Re: [PATCH V2 12/13] selftests/resctrl: Do not compare performance counters and resctrl at low bandwidth

From: Ilpo Järvinen
Date: Fri Oct 04 2024 - 10:23:37 EST


On Thu, 12 Sep 2024, Reinette Chatre wrote:

> The MBA test incrementally throttles memory bandwidth, each time
> followed by a comparison between the memory bandwidth observed
> by the performance counters and resctrl respectively.
>
> While a comparison between performance counters and resctrl is
> generally appropriate, they do not have an identical view of
> memory bandwidth. For example RAS features or memory performance
> features that generate memory traffic may drive accesses that are
> counted differently by performance counters and MBM respectively,
> for instance generating "overhead" traffic which is not counted
> against any specific RMID. As a ratio, this different view of memory
> bandwidth becomes more apparent at low memory bandwidths.
>
> It is not practical to enable/disable the various features that
> may generate memory bandwidth to give performance counters and
> resctrl an identical view. Instead, do not compare performance
> counters and resctrl view of memory bandwidth when the memory
> bandwidth is low.
>
> Bandwidth throttling behaves differently across platforms
> so it is not appropriate to drop measurement data simply based
> on the throttling level. Instead, use a threshold of 750MiB
> that has been observed to support adequate comparison between
> performance counters and resctrl.
>
> Signed-off-by: Reinette Chatre <reinette.chatre@xxxxxxxxx>
> ---
> Changes since V1:
> - Fix code alignment and spacing.
> - Modify flow to use "continue" instead of "break" now that
> earlier changes decreases throttling.
> - Expand comment of define to elaborate causes of discrepancy
> between performance counters and MBM.
> ---
> tools/testing/selftests/resctrl/mba_test.c | 7 +++++++
> tools/testing/selftests/resctrl/resctrl.h | 10 ++++++++++
> 2 files changed, 17 insertions(+)
>
> diff --git a/tools/testing/selftests/resctrl/mba_test.c b/tools/testing/selftests/resctrl/mba_test.c
> index d8d9637c1951..5c6063d0a77c 100644
> --- a/tools/testing/selftests/resctrl/mba_test.c
> +++ b/tools/testing/selftests/resctrl/mba_test.c
> @@ -98,6 +98,13 @@ static bool show_mba_info(unsigned long *bw_imc, unsigned long *bw_resc)
>
> avg_bw_imc = sum_bw_imc / (NUM_OF_RUNS - 1);
> avg_bw_resc = sum_bw_resc / (NUM_OF_RUNS - 1);
> + if (avg_bw_imc < THROTTLE_THRESHOLD || avg_bw_resc < THROTTLE_THRESHOLD) {
> + ksft_print_msg("Bandwidth below threshold (%d MiB).

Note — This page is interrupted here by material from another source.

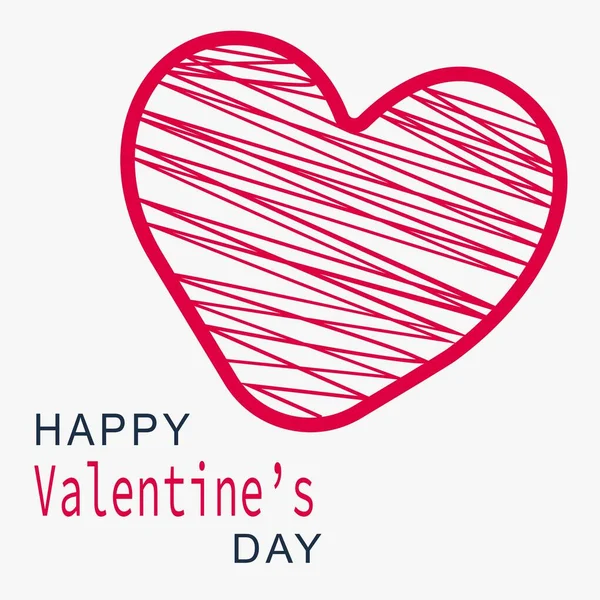 Alles Gute Zum Valentinstag Herz Zeichen Vektor Illustration — Stockvektor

Dropping results from MBA schemata %u.\n",
> + THROTTLE_THRESHOLD,
> + ALLOCATION_MIN + ALLOCATION_STEP * allocation);
> + continue;
> + }
> +
> avg_diff = (float)labs(avg_bw_resc - avg_bw_imc) / avg_bw_imc;
> avg_diff_per = (int)(avg_diff * 100);
>
> diff --git a/tools/testing/selftests/resctrl/resctrl.h b/tools/testing/selftests/resctrl/resctrl.h
> index dc01dc75cba5..eb151ac74938 100644
> --- a/tools/testing/selftests/resctrl/resctrl.h
> +++ b/tools/testing/selftests/resctrl/resctrl.h
> @@ -43,6 +43,16 @@
>
> #define DEFAULT_SPAN (250 * MB)
>
> +/*
> + * Memory bandwidth (in MiB) below which the bandwidth comparisons
> + * between iMC and resctrl are considered unreliable. For example RAS
> + * features or memory performance features that generate memory traffic
> + * may drive accesses that are counted differently by performance counters
> + * and MBM respectively, for instance generating "overhead" traffic which
> + * is not counted against any specific RMID.
> + */
> +#define THROTTLE_THRESHOLD 750
> +
> /*
> * fill_buf_param: "fill_buf" benchmark parameters
> * @buf_size: Size (in bytes) of buffer used in benchmark.
>

Reviewed-by: Ilpo Järvinen <ilpo.jarvinen@xxxxxxxxxxxxxxx>

--
i.